Problem statement: Copy out the whole listing exactly as given. Skip the pictures.

Data:
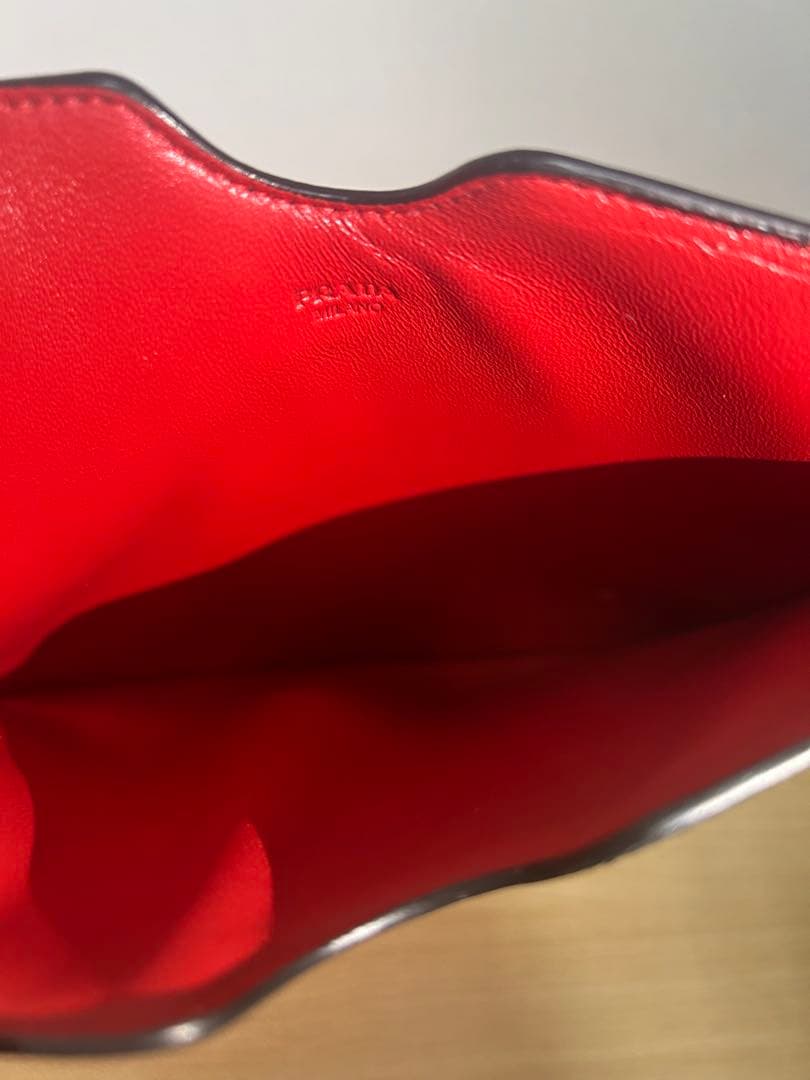 PRADA / プラダ iPADケース　レザーケース　ハート柄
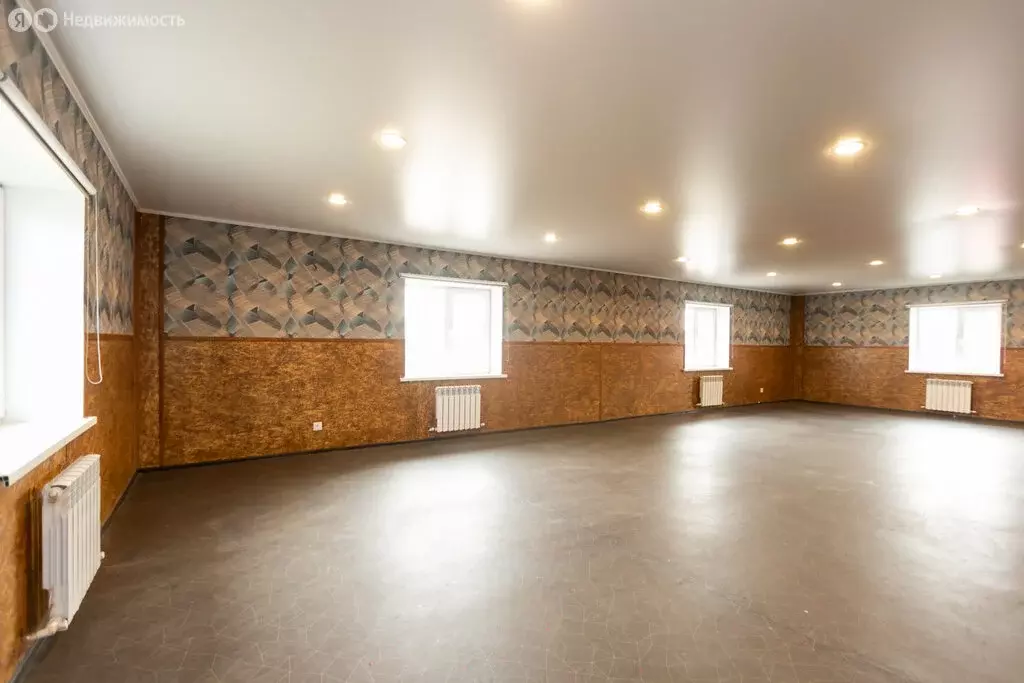 Дом в посёлок Чкалов, Восточная улица, 49 (279.3 м) - Фото 1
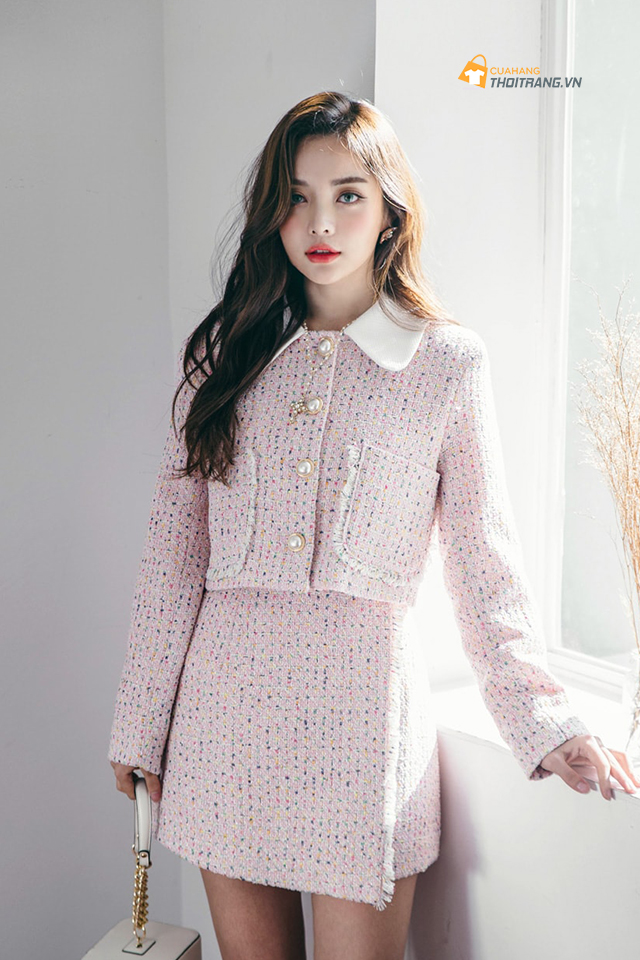 Set đồ vải tweed với tông hồng phấn ngọt ngào đậm chất tiểu thư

Result of this task:
 PRADA / プラダ iPADケース　レザーケース　ハート柄
 Дом в посёлок Чкалов, Восточная улица, 49 (279.3 м) - Фото 1
 Set đồ vải tweed với tông hồng phấn ngọt ngào đậm chất tiểu thư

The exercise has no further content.